神保町系オタオタ日記

自称「人間グーグル」

オカルトに好意的だった冨山房の『国民百科大辞典』

『国民百科大辞典』10巻(冨山房昭和11年7月)に心理学者で早稲田大学文学部講師だった戸川行男が「念写」の説明を書いている。

ねん-しゃ[念写][[英]thought photography] (略)霊媒ノ思想又ハソレヲ通ジテ他人ノ思想ヲ写シウルトノ主張者ガ現レ、思想写真又ハ念写ナル名称ガ用ヰラレルニ至ツタ。(略)コノ現象ノ真偽ハ未ダ明白デナイ。[戸川]

戸川は、『日本心理学者事典』(クレス出版、平成15年2月)によれば、明治36年生、昭和4年早稲田大学文学部哲学科心理学専攻卒業、8年早稲田大学文学部講師、15年同助教授、20年同教授、平成4年没。福来友吉が東大を追われた大正4年*1以降、学界では千里眼や念写については否定派ばかりだったかと思いきや、真偽不明という中立的立場とはいえ、福来に好意的に見えてしまう。
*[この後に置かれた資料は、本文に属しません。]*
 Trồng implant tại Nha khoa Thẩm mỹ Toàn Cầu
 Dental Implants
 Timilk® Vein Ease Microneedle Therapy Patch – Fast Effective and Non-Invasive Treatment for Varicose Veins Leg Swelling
一柳廣孝先生の名著『<こっくりさん>と<千里眼>ーー日本近代と心霊学ーー』(講談社、平成6年8月)によると、千里眼事件最中の明治44年5月福来は恩師の元良勇次郎に「君の今の研究は、心理学者に同情がない」と言われたというが、福来に同情的な心理学者はいたのかもしれない。
百科事典と言えば、平凡社の『大百科事典』だが、第20巻(昭和8年7月)の「念写」を見ると、

ネンシャ 念写 Thought-photograph (略)初めてこれが可能を主唱したのは福来友吉であるが、実際にはまだ確実に証明されてゐない。(略)その後福来は、長尾郁子を指導して、次第に複雑なる文字や画像をさへ念写し得るやうに養成した。しかし、山川健次郎の立会実験の結果、長尾の念写は詭計(ルビ:トリック)であるといふことに断定せられてゐる。そののち福来は、更に高橋某女、三田光一等について、念写の可能を世に公表したが、いづれも実験がまだ不確実で、特に三田光一の念写は、東京の大日本衛生会館に於ける実験会で、その詭計であることが暴露された。(中村)
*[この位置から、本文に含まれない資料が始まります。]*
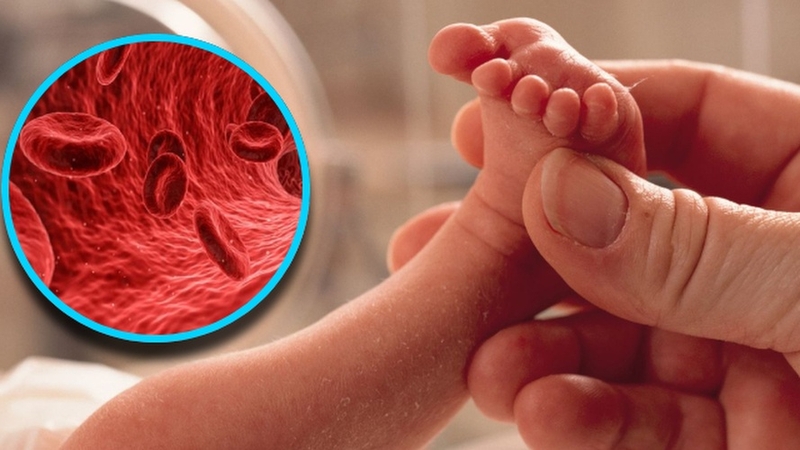 Trẻ sinh non bị thiếu máu: Nguyên nhân, dấu hiệu và cách điều trị hiệu quả 1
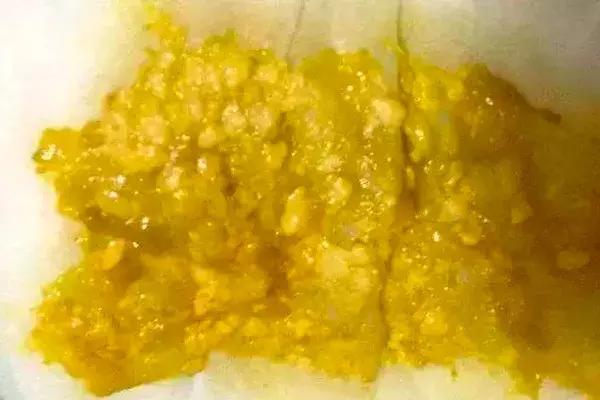 新手爸妈稳住！手把手教你看懂千姿百态大便便（超全视察指南）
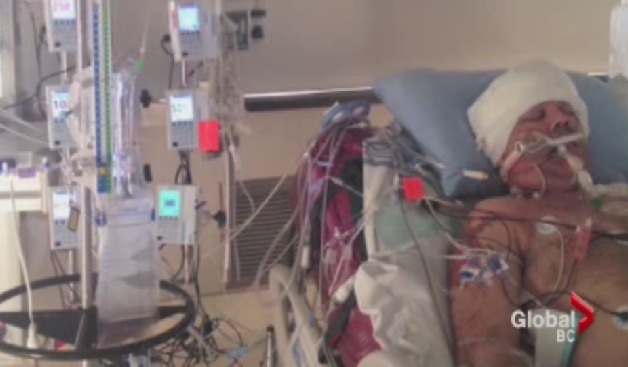 Longboard attack victim.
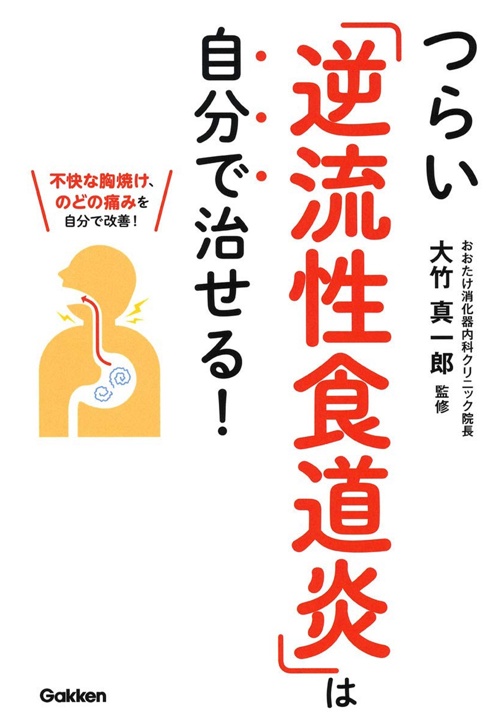 つらい「逆流性食道炎」は自分で治せる!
冨山房のものに比べると千里眼事件の経緯に詳しく、かつ、否定的な立場がうかがえる。平凡社の方は執筆者一覧が見つからなかったが、「中村」は物理学者で東京帝国大学名誉教授の中村清二だろう*2。念写については否定派だった。中村は冨山房の方の執筆者でもあったから、冨山房が戸川でなく彼に書かせていたら、まったく違った記述になっていただろう。
冨山房の執筆者は心霊現象などに好意的な人が多かったようだ。7巻(昭和10年9月)の「心霊写真」を見てみよう。
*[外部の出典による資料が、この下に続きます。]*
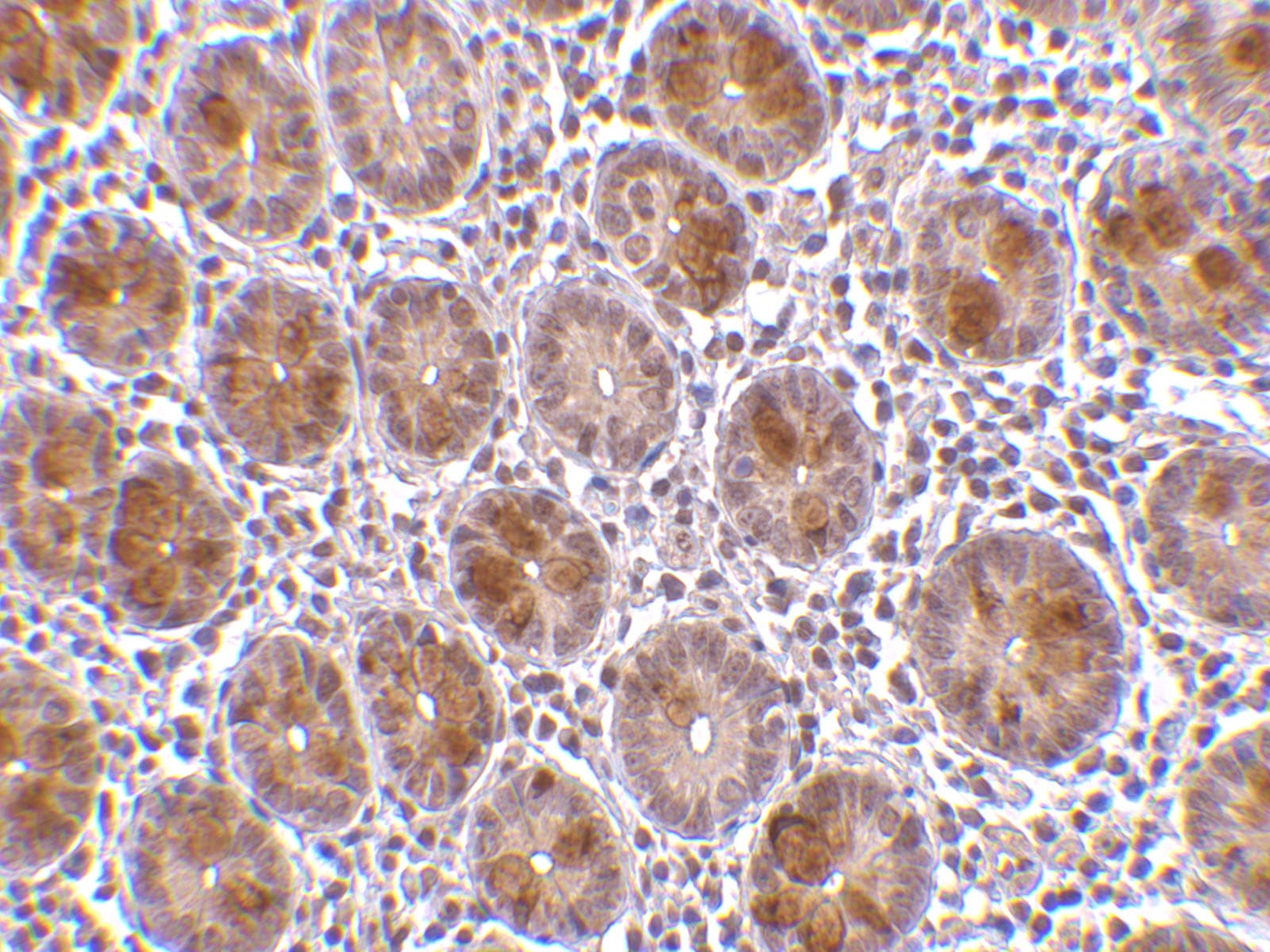 AATF Antibody - BSA Free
しんれい-しゃしん[心霊写真] 幽霊写真ノ一種。心霊現象ノ一デ、霊媒又ハ他ノ者ニ依テ、遠隔者ヤ死者ノ写真ヲ撮影スルモノ。(略)何レモ詐術問題ヲ惹起シタナドノ歴史ヲ有スルモノデ、近クハ我千里眼ノ念写等モ、之ニ含マルベキモノダガ、心霊学ガ尚充分発達シテ、客観的ノ説明ヲ為シ得ルニ至ルヲ俟ツベキモノデアラウ。[石原(保)]

心霊学の発達をまつというのは、充分心霊写真という現象に好意的に思える。執筆した石原保秀は明治10年生の医史学者。同辞典では「心霊療法」も執筆している。
そして、変態心理の中村古峡は「心霊物理現象」を担当。記述の末尾に「従来発表サレタ是等ノ現象中ニハ、詐欺又ハ手品ノ種ノアガツテヰルモノモアルガ、又、ドウシテモ詭計ノ存在ヲ否マザルヲ得ナイヤウナ神秘的ナモノモアル。[中村(蓊)]」とあって、これは心霊物理現象に随分好意的である。中村は「千里眼」も執筆している。2つの百科事典をみただけだが、もっと多くの事典でオカルト関係の項目を調べて比較したら面白そうだ。